Stricter regulations of the herb have now been introduced.


The South African government has moved to make the laws governing the use of Zol even more stricter now, announcing that people will have to have a doctor’s letter. 

This is contained in a government gazette published on 23 May 2019 making updates on the use of drugs. 

The notice is being made by the department of health and wants those who want to use the plant to do so once they are in possession of a doctor’s letter. They say the herb falls under dangerous drugs like cocaine. 

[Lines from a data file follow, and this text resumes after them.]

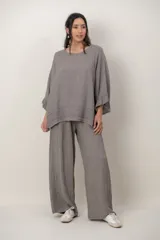 Blusa de lino color verde militar, holgada, de manga 3/4 con volados en los puños, cuello redondo y detalle de alforzas horizontales en el dobladillo.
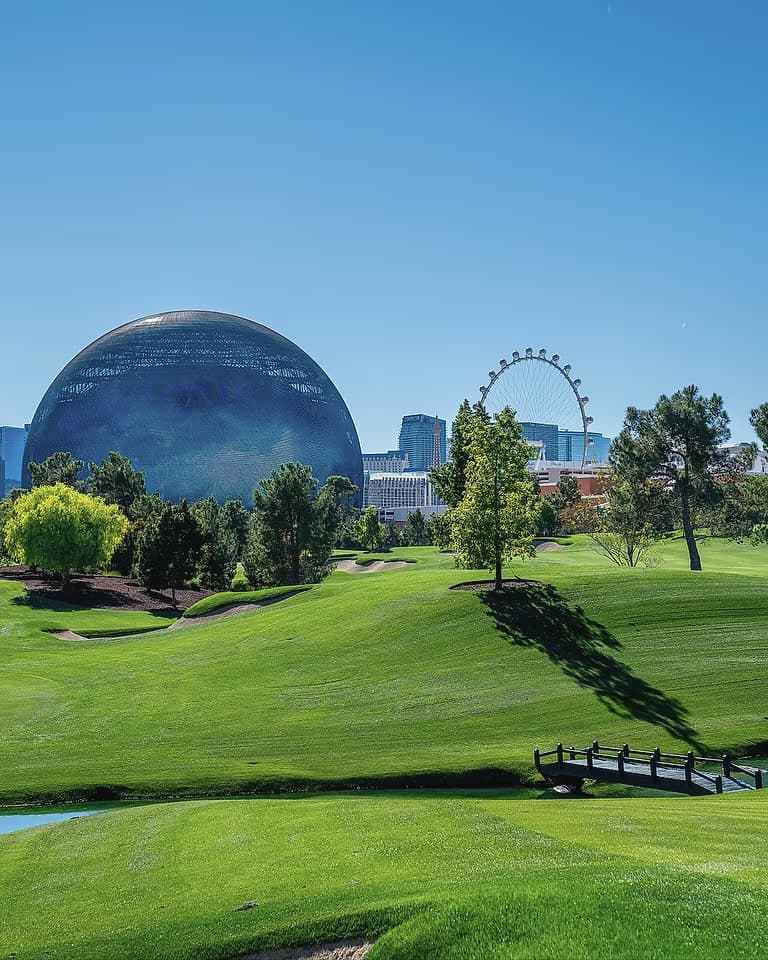 The Sphere rising above the fairway at Wynn Golf Club, with the High Roller wheel and the Las Vegas skyline beyond.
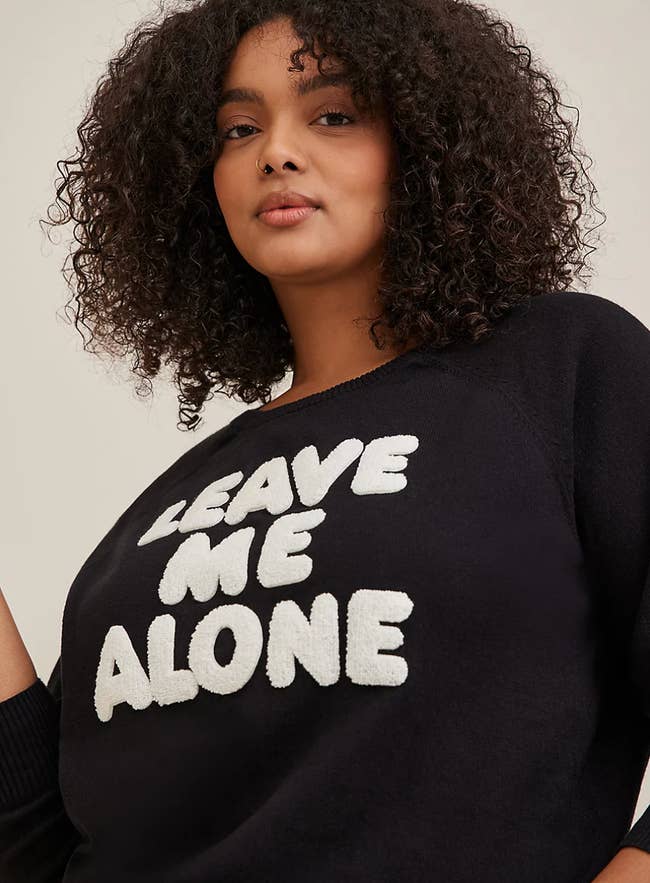 model wearing black sweater that says 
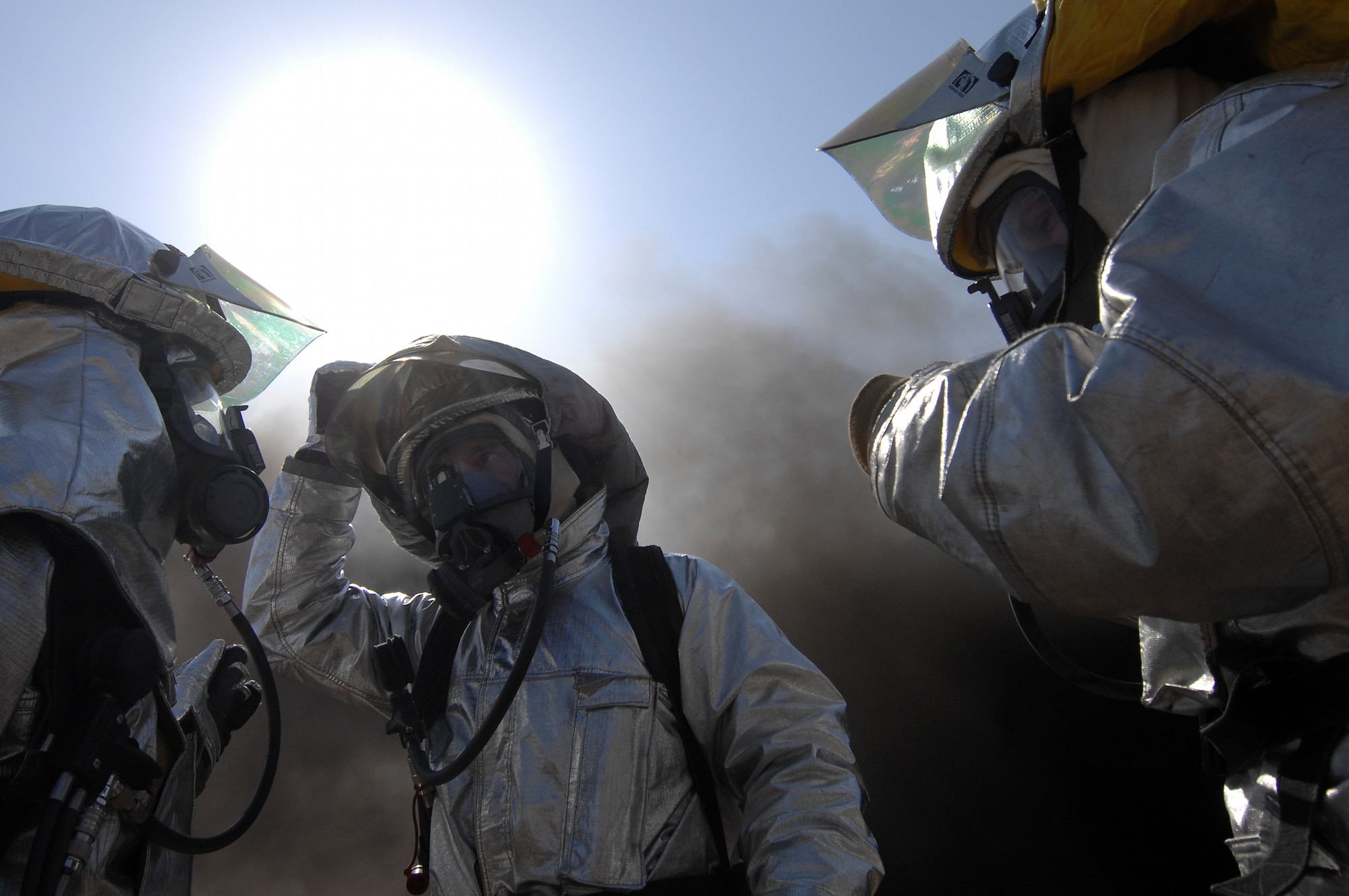 Members of the 447th Air Expeditionary Group's fire department don protective equipment during joint training with the Baghdad International Airport fire department at BIAP Feb. 12. During training, the organizations joined to extinguish a controlled fire inside an abandon building. The joint training solidifies an established relationship between the organizations and introduces the new rotation of U.S. Airmen to their Iraqi counterparts. (U.S. Air Force photo/Tech. Sgt. Jeffrey Allen)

On 19 September 2018, Deputy Chief Justice Raymond Zondo of the Constitutional Court upheld a ruling by the Western Cape high court that it was legal for South Africans to have Zol for personal use.

Then justice minister Michael Masutha had gone to the Constitutional Court to appeal the Western Cape high court ruling.

But Justice Zondo dismissed Masutha’s application and said that certain sections of the law covering the use of zol in the country were not constitutional.

Zondo said the ruling meant that “no adult will be arrested for being in possession of dagga for personal use in South Africa”.

“I am of the view that the prohibition of the performance of any activity in connection with the cultivation of cannabis by an adult in private for his or her personal consumption in private is inconsistent with the right to privacy entrenched in the Constitution and is constitutionally invalid,” said Zondo in his last year ruling.

He then gave Parliament until September 2020 to fix the laws and make Zol legal for personal use. 

But government believes certain parts of the plant make it fall in the category of dangerous drugs like cocaine.

Previously the government classified dagga as a Schedule 7 substance, meaning that it is “illegal to cultivate, analyse, possess, research, use, sell or supply without authorisation from the Department of Health”.

The department has now moved the herb to be Schedule 4, meaning you need a prescription from a doctor, dentist or allied health professional, which you then take to a pharmacy.

This requires it be explained to you how to use the herb and for how long.